Aufbruch durch Umbruch
Dem Handelsblatt zufolge wurde Habets darüber hinaus mangelnde Präsenz im Firmensitz vorgeworfen, just als Bertelsmann, Teilinhaber der RTL Group, daran arbeitete, sich zu transformieren, um mit Tech-Giganten wie Amazon (NASDAQ:AMZN) und Netflix (NASDAQ:NFLX) konkurrenzfähig zu bleiben. Sollte Habets in den Aufsichtsrat gewählt werden, zeugt dies nicht gerade von Aufbruchsstimmung bei ProSieben. Dabei muss das Unternehmen jetzt handeln, sollen die fetten Jahre auch in Zukunft weitergehen können.
In der Tat hat Beaujean einige Änderungen angekündigt, die ein feines Gespür für das Publikum verlangen.

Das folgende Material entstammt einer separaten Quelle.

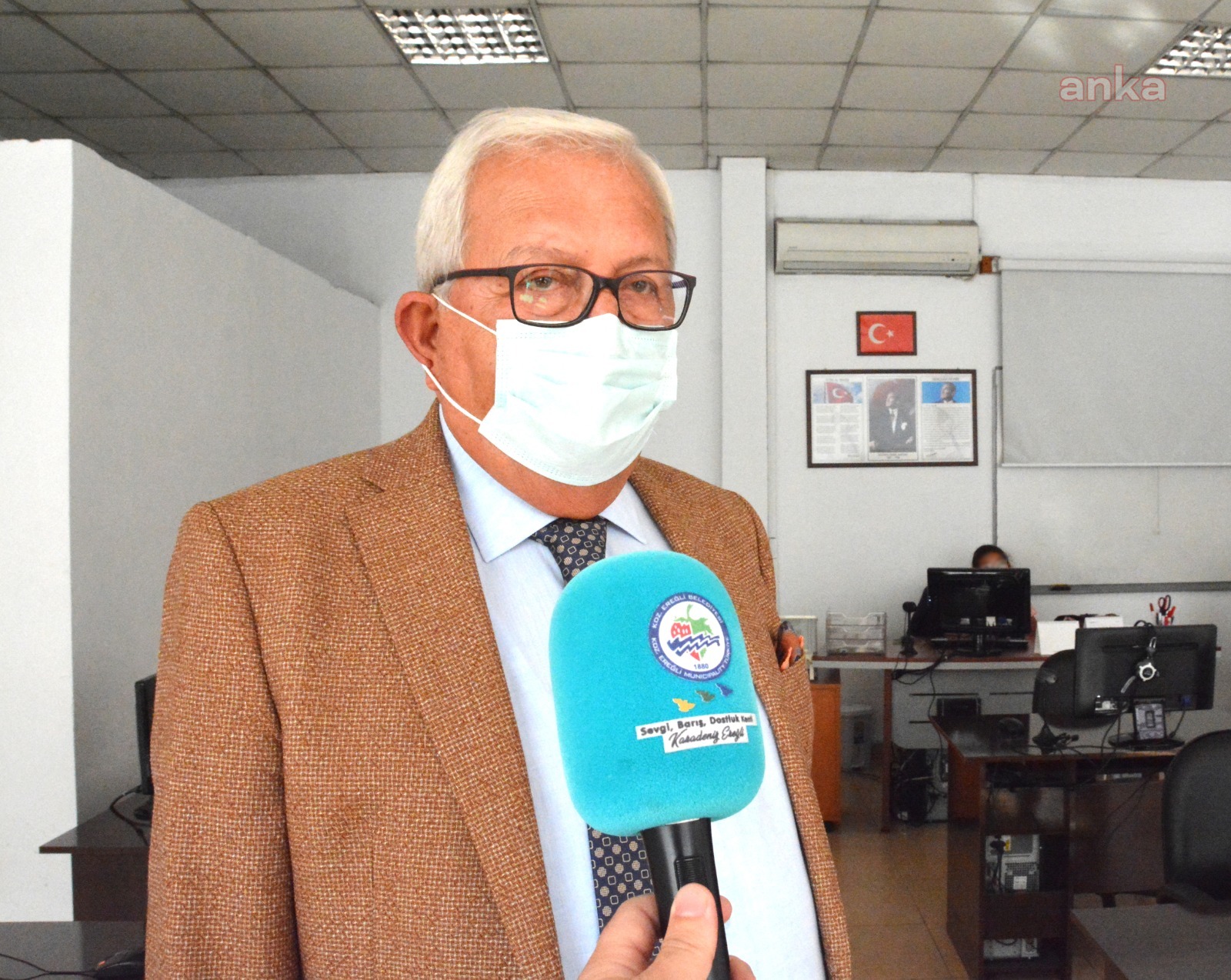 KDZ.EREĞLİ BELEDİYE BAŞKANI POSBIYIK, UZAKTAN EĞİTİM SINIFINI ZİYARET ETTİ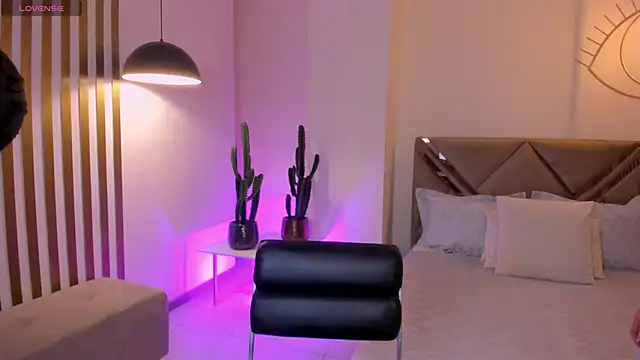 Snapshot of MaddisonTaylor1 chatting on October 2025 07:43:01 PM MaddisonTaylor1 online show from October 2025 07:43:01 PM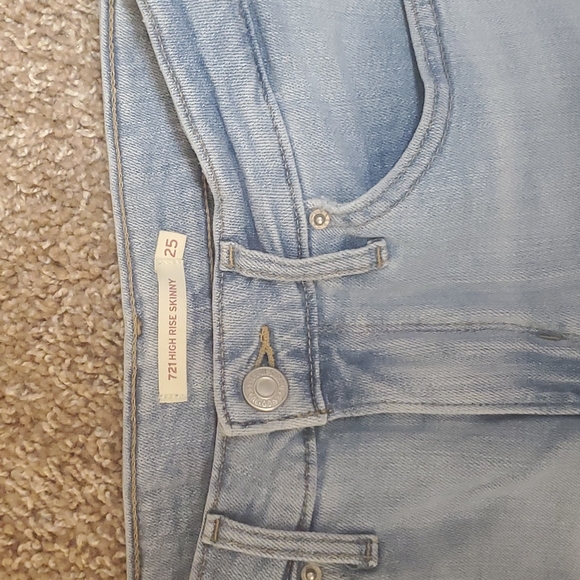 Size 25 levis 721 high rise skinny jeans - Picture 2 of 4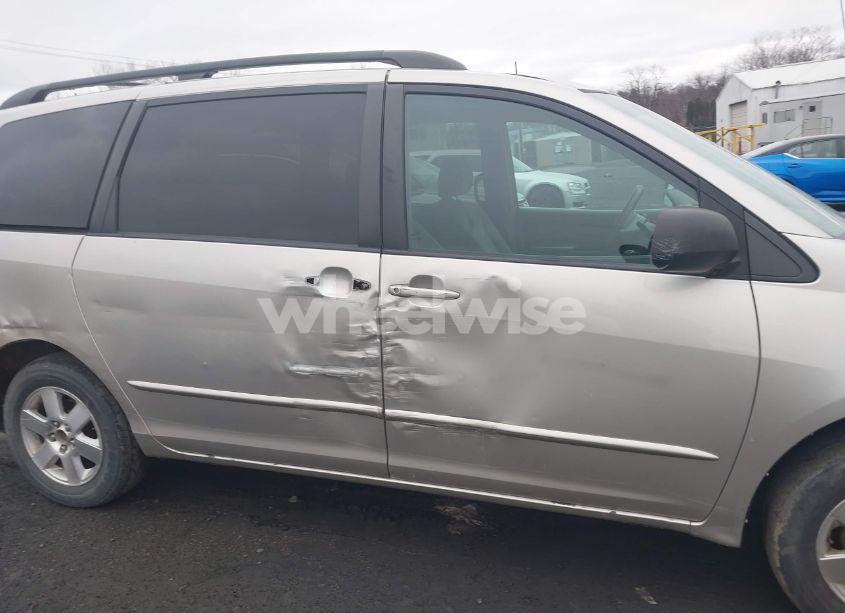 Photo 6 of 2004 Toyota Sienna LE (VIN 5TDZA23C64S100189)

In Folge des Rekord-Umsatzes von 4,49 Milliarden Euro für 2021 – dank Werbeeinnahmen – setzt Beaujean auf den Ausbau lokaler Inhalte um diese „über klassisches Fernsehen und neue Kanäle wie die werbefinanzierte Streaming-Plattform Joyn“ weit auszustrahlen.“ Dieser Schritt könnte sich mit Blick auf die wachsende Streaming-Konkurrenz in der Tat als erfolgreich erweisen.
Anderseits benötigt ProSiebens angekündigter Plan zur Erweiterung des Nachrichtensegments in Zeiten des Ukraine-Krieges etwas mehr Finesse. Das Unternehmen hatte schon Anfang 2021 die ersten Schritte in Richtung einer seriöseren Berichterstattung über Politik gemacht. Durch den Wechsel der beliebten Tagesschau-Sprecherin Linda Zervakis und des Moderators der Sportschau, Matthias Opdenhövel von der ARD zu ProSieben, wurden den öffentlich-rechtlichen Sendern zwar bekannte Gesichter abgejagt, doch der Erfolg blieb bislang aus.

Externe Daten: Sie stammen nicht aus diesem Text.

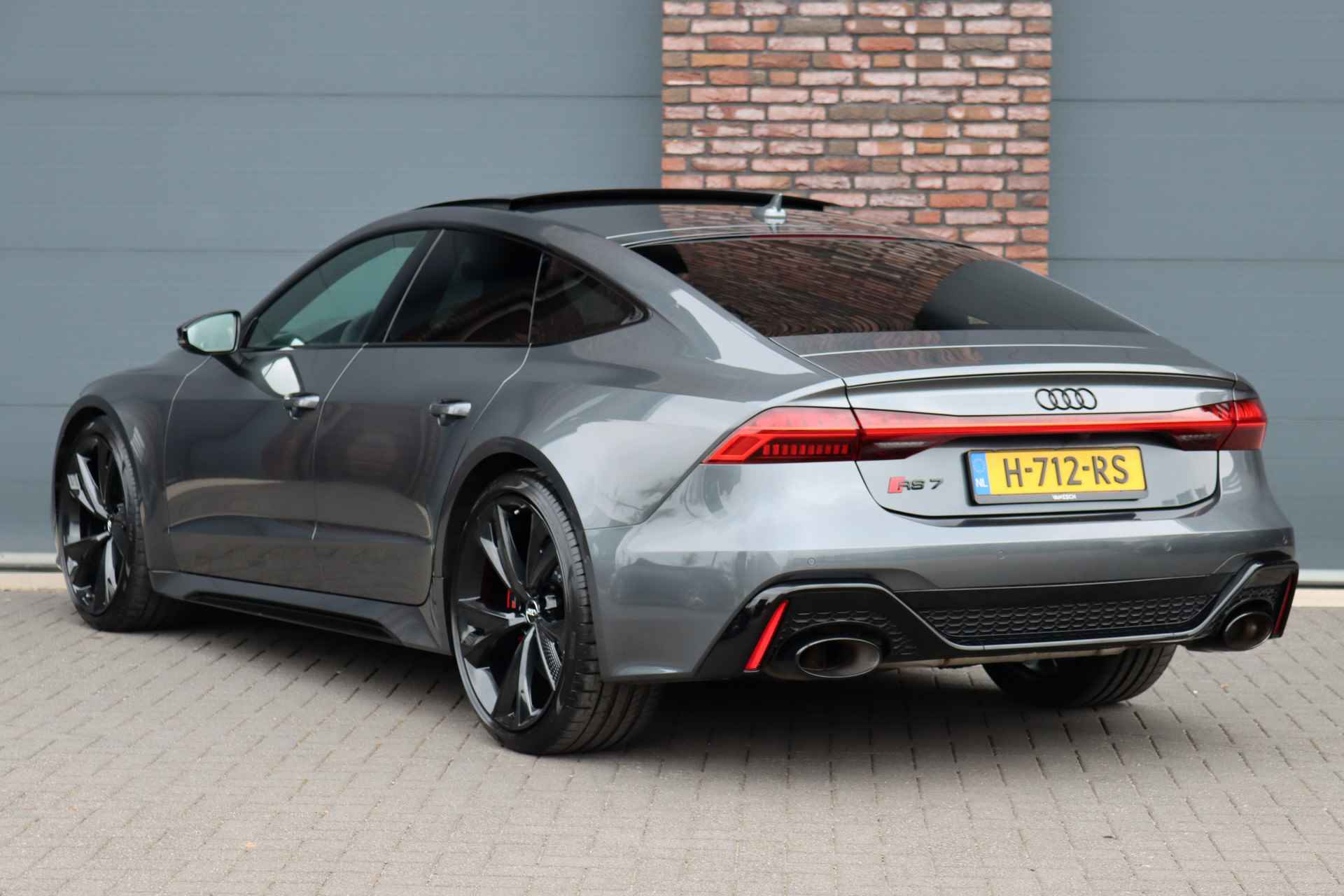 Audi A7 Sportback 4.0 TFSI RS 7 Quattro Aut8 | Vierwielbesturing | Keramisch | Adaptive Cruise Control | HUD | Bang&Olufsen | Stoelventilatie | Nappa Leder | Assistentiepakket City/Tour | Matrix-LED | Soft-Close | - 6/47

Das vielgepriesene Talk-Format Zervakis & Opdenhövel. Live. sollte ProSieben mehr Relevanz und Glaubwürdigkeit abseits des oft mit Klamauk gefüllten Unterhaltungsprogramms verschaffen, aber statt immer neuen Quotentiefstmarken ist daraus nicht mehr geworden. Ob das Experiment gescheitert ist, ist noch nicht abschließend zu sagen. Doch es dürfte klar sein, dass es weit mehr als nur bekannte Gesichter braucht, um eine seriöse Nachrichtensparte aus dem Boden zu stampfen.
In diesem Sinne kann die baldige Hauptversammlung durchaus richtungsweisend für ProSiebenSat.1 werden. Viel steht auf dem Spiel und das Unternehmen wird einen langen Atem brauchen, um die beeindruckenden finanziellen Erfolge des letzten Jahres zu wiederholen. Das richtige Personal in den Führungsetagen ist dabei von essenzieller Bedeutung. Wird ProSieben den richtigen Weg gehen oder sein Wachstum gefährden?